Expectations, Ambition, and Disappointment Theme Icon

When Marilyn and James meet, they are both at a promising stage of their careers. James is an accomplished graduate student who may be on the brink of being hired as an assistant professor at Harvard; Marilyn is excelling as a Radcliffe undergraduate destined for medical school. However, in the 16 years following their initial meeting, both of their ambitions unravel. James is not hired by Harvard, and, although he secures another teaching position at the less prestigious Middlewood College, he is haunted by this earlier failure and by his persistent inability to achieve social acceptance. As a result of this disappointment, he pressures his children (particularly Lydia) to be likeable and popular. Marilyn, whose dreams of being a doctor are thwarted by marriage and motherhood, also projects her own ambitions and expectations onto her middle daughter. However, where James’ pressure for Lydia to be popular is somewhat gentle, Marilyn’s is all-consuming.
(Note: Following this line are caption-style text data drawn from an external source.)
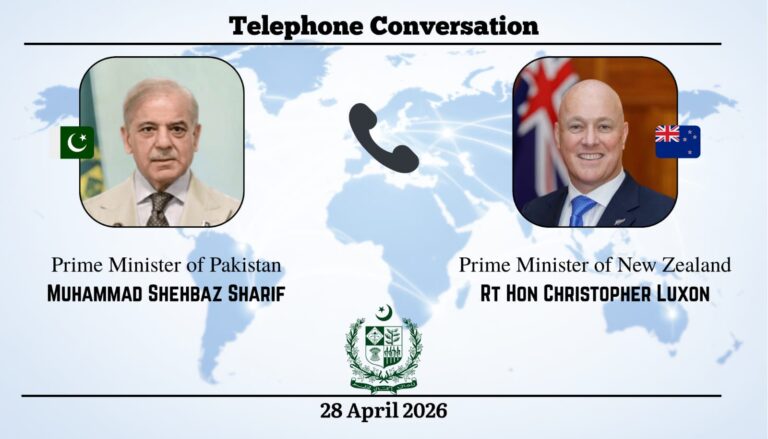 Prime Minister Muhammad Shehbaz Sharif and the Prime Minister of New Zealand, Rt Hon Christopher Luxon exchanged views on the evolving situation in the Middle East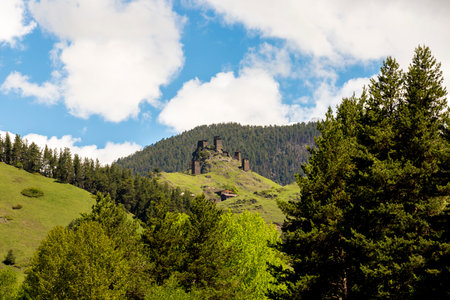 Watchtower made of shale stone. Kvemo (Upper) Omalo in Georgian Caucasus in Tusheti region
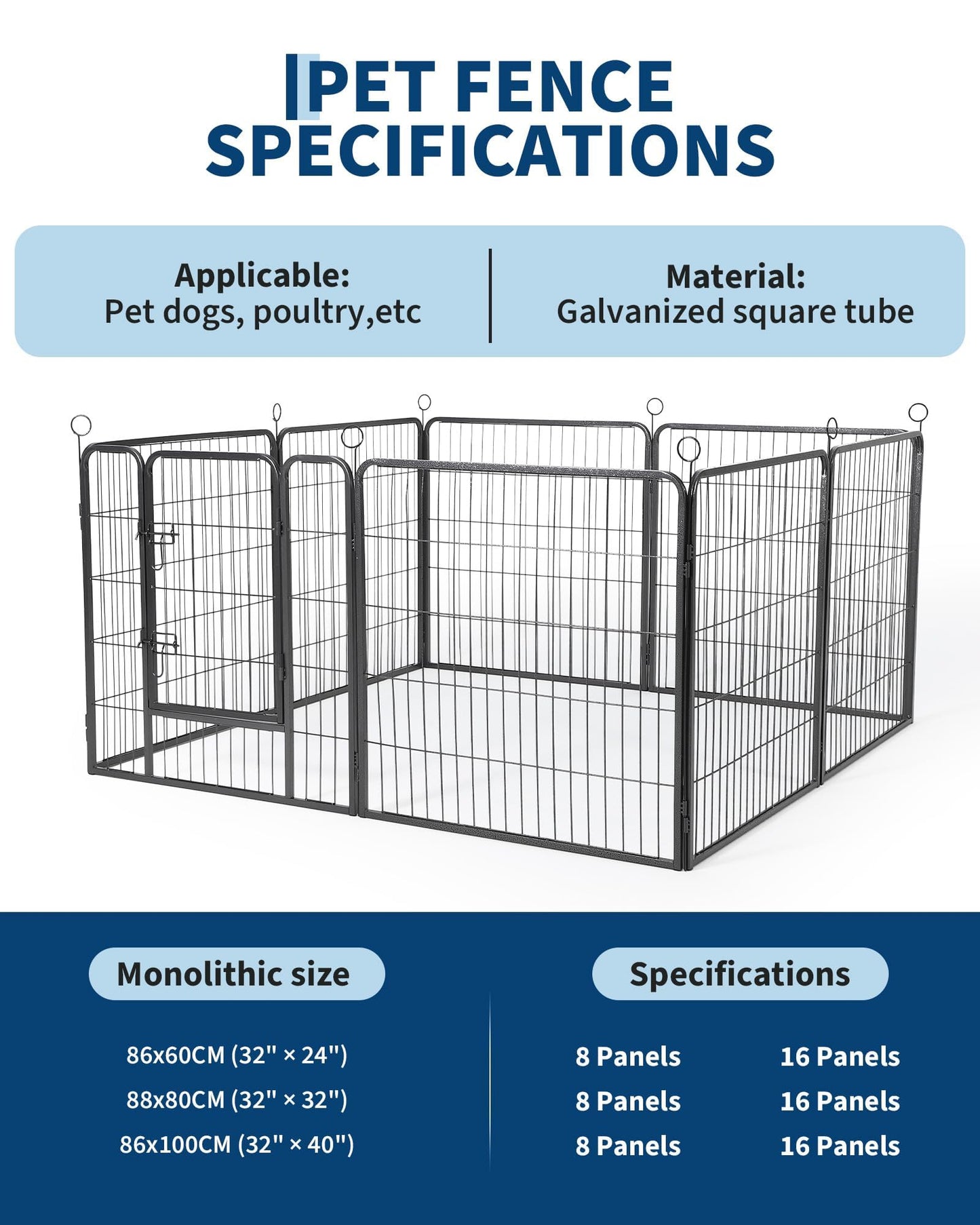 40 Inch 8 Panels Dog Playpen, Heavy Duty Metal Pet Exercise Pen with Secure Gate, Foldable Portable Dog Fence, Anti-Rust Metal Puppy Playpen for Large Small Dogs, Outdoor Yard RV Camping & Indoor Use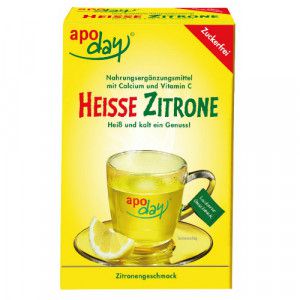 APODAY heiße Zitrone Vit.C u.Calcium zuckerfr.Plv.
Her insistence that Lydia fulfill her dreams of becoming a doctor is so intense that she loses her daughter emotionally even before Lydia’s eventual disappearance. Marilyn does not see Lydia as a person in her own right, but rather as a vehicle for correcting the disappointment that Marilyn feels has ruined her own life irrevocably.

Perhaps the most peculiar thing about James and Marilyn’s expectations of Lydia is their fatal rigidity. It is never made clear why James and Marilyn place the burden of their ambitions almost entirely on Lydia’s shoulders and not those of her brother or sister. This is especially strange in light of the fact that Nath does excel in science, and—like his mother and father—is admitted to Harvard. Yet despite his success, James and Marilyn seem only to be vaguely proud of their son, and remain single-mindedly fixated on Lydia. The inflexibility of James and Marilyn’s ambitions is precisely what makes them so dangerous. They cannot accept their children for who they are, just as they cannot accept how their own lives have turned out. It is only after their marriage and family are thrown into chaos as a result of Lydia’s death and James’ affair that James and Marilyn are able to return to a feeling of satisfaction in their romance, even if they remain disappointed by other aspects of their lives.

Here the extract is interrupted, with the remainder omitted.